Control of the bulb brightness is only possible by manual interaction with a part of the lamp apparatus. One example of such a device as described in US patent number 4668877.

It is an object of the present invention to obviate or mitigate the aforesaid disadvantages.

According to the present invention there is provided an acoustically operated control device for controlling the power supplied to lighting apparatus, the device comprising an acoustic receiver that converts a sound signal into an electrical signal, an audio frequency amplifier for amplifying the received electric signal, a peak detector circuit for generating a pulse in response to the peak value of the received signal, a capacitor that discharges in response to the pulse, means for generating a trigger in response to the discharge of the capacitor and a phase controlled lighting drive circuit, wherein the trigger causes a phase shift in a switching signal of the driving circuit so as to change the power supplied to the lighting apparatus.

Preferably said means for generating a trigger comprises a clock pulse generator that sends pulses to said capacitor and a comparator for comparing the amplitude or phase of the pulses generated and those sent to the capacitor, whereby when a predetermined amplitude or phase difference is detected said trigger is generated. The acoustic receiver may be a microphone. The control device may be housed within an adapter socket for a plug or alternatively may be housed in an adapter between a bulb and a bulb socket of the lamp.

A specific embodiment of the present invention will now be described, by way of example only, with reference to the accompanying drawings in which: Figure 1 is a schematic block diagram of the control device of the present invention; Figure 2 is a detailed circuit diagram of the control device of figure 1; Figure 3 is an example of an output waveform from an audio amplifier of the present invention; Figure 4 shows the waveform of figure 3 after having been filtered; Figure 5 shows the output of the peak detector of the present invention when supplied with the waveform of figure 4; and Figure 6 illustrates the waveform of the oscillation frequency that charges a capacitor of the present invention when the pulse waveform of figure 5 is present, the waveform being shown for comparative purposes alongside the waveform of the discharging capacitor and the peak detector output.

Referring now to the drawings, the control circuit is used to control the power applied to (and therefore the brightness of) a lamp and is generally comprised of an audio input in the form of a microphone 1 for receiving acoustic signals, signal processing circuitry 2 and a triac driving circuit 3 that controls the supply of mains power to a lamp socket 4.

It will be appreciated that any appropriate input transducer may be used to convert audio waves into voltage or current. In this exemplary embodiment a microphone 1 presents a signal to a low pass filter 5 which filters out any high frequency signal greater than 10KHz to eliminate signals generated by unwanted noise.
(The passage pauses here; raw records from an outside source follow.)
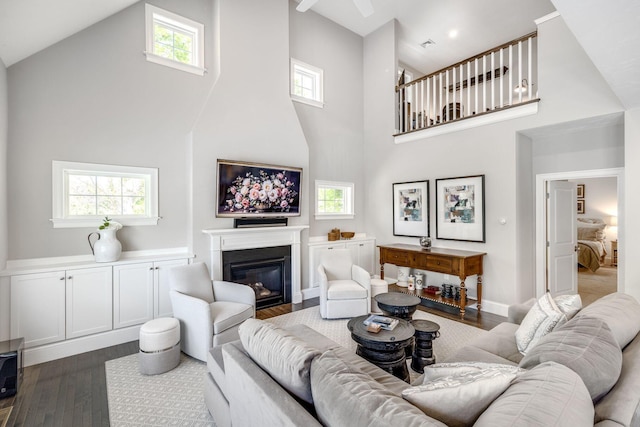 41 Old Main Rd Unit 3Au, North Falmouth, MA 02556 - living area with a towering ceiling, dark wood-style floors, a glass covered fireplace, and healthy amount of natural light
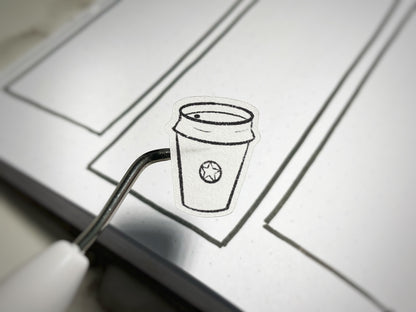 Closeup of a coffee colorable sticker for bullet journals and planners.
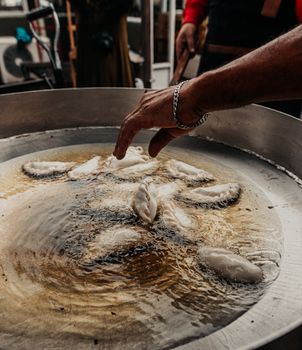 Crispy empanadas frying in oil at an Argentine street market in Buenos Aires.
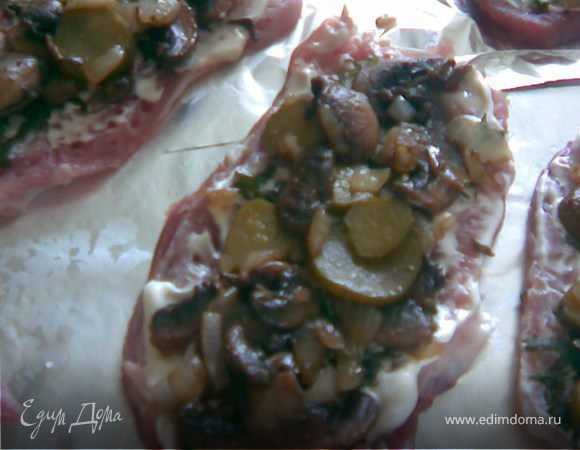 Грибы обжарить на сковороде,как только лишняя жидкость испарится добавить масло сливочное и мелко порезанный лук.Хорошо обжарить,добавить нарезанные кружочками солёные корнишоны. И выложить на мясо.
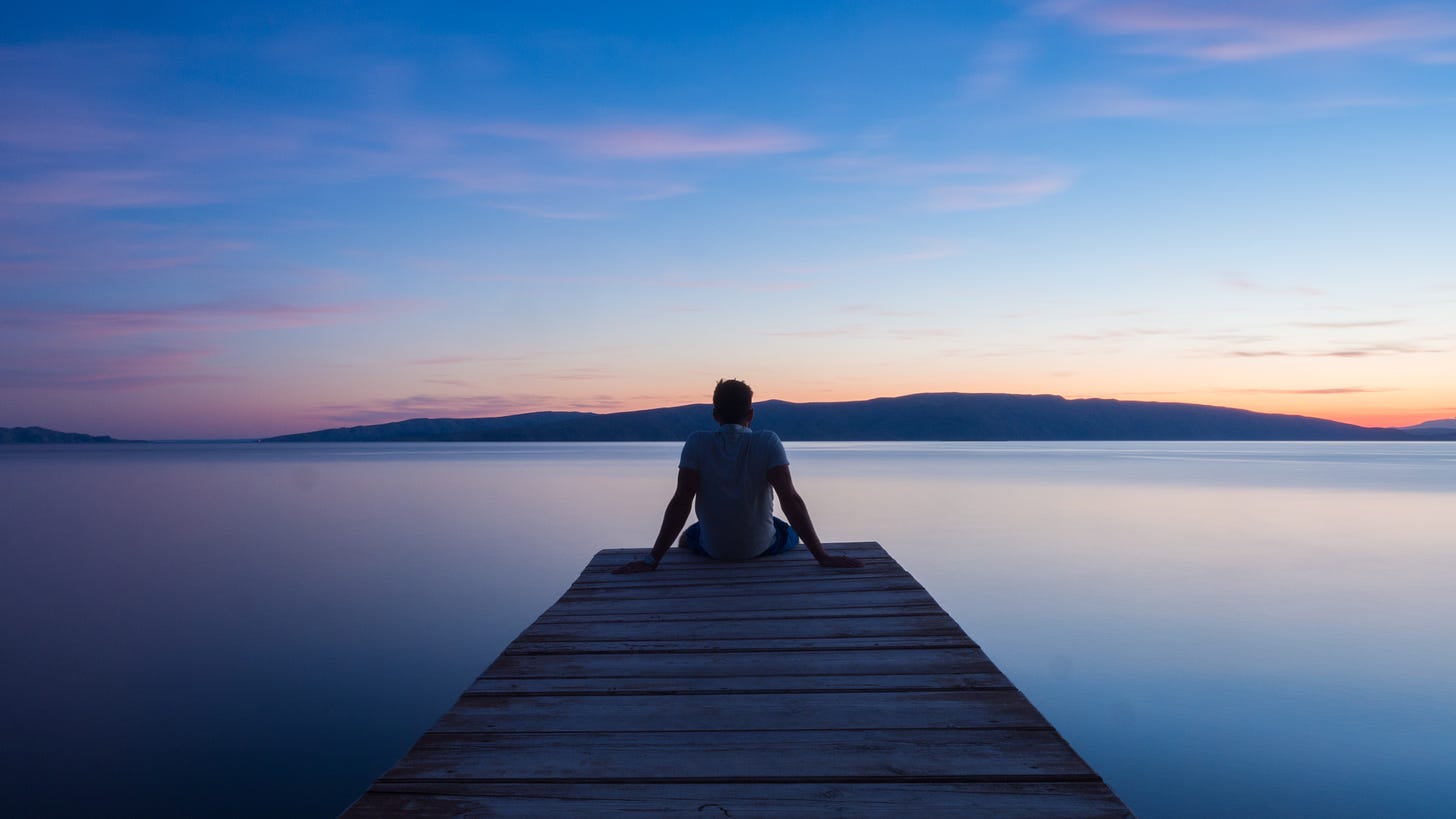 A man sits on the edge of a wooden pier overlooking a lake and mountains. The sunrise is pink on the horizon and dark blue overhead.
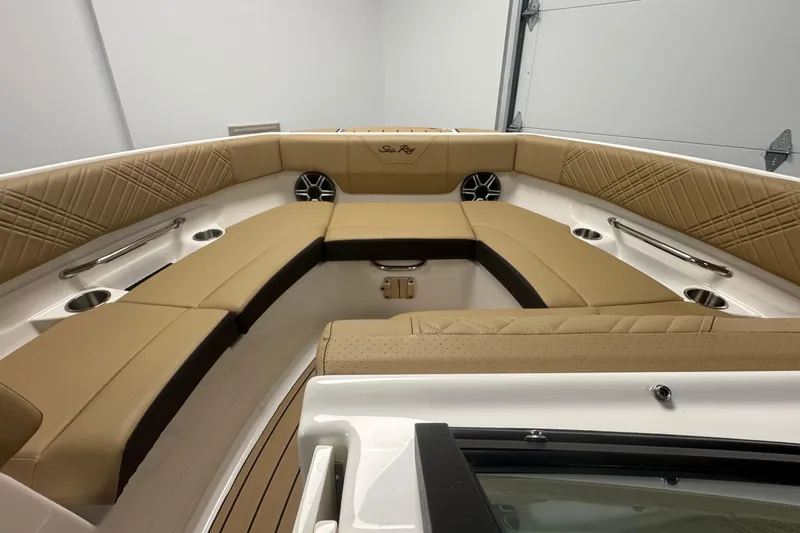 Slide: The Image of 2026 Sea Ray SDX 230 Outboard boat interior with tan seating and cup holders. - 27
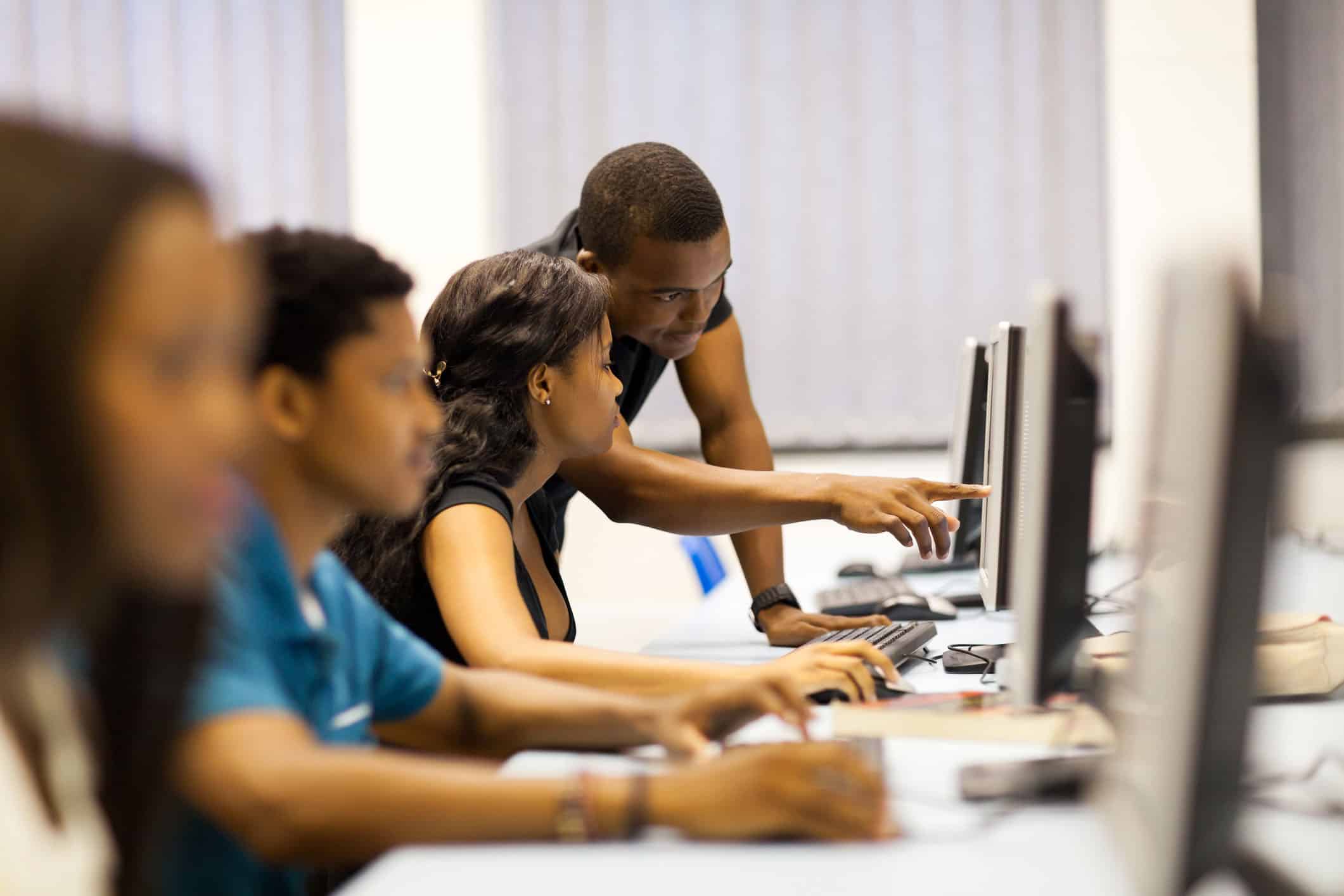 Students learning in a computer lab for higher education, educational technology, college students working on computers, university training environment, digital literacy in college campuses.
The signal is then amplified by an audio amplifier 6 having a variable gain that may be adjusted by the user. The output of the amplifier 6 is coupled to the input of a high pass filter 7 which attenuates the low frequency elements of the signal. The output of the high pass filter 7 is coupled to the input of a peak detector 8. The peak detector 8 operates as is well known to the skilled person in the art to provide a peak signal which varies as a function of the peak amplitude of the audio signal presented by the amplifier 6. The output of the positive peak detector 8 is coupled to an input of a capacitor switching circuit 9 to discharge a capacitor in a charge transfer circuit 10.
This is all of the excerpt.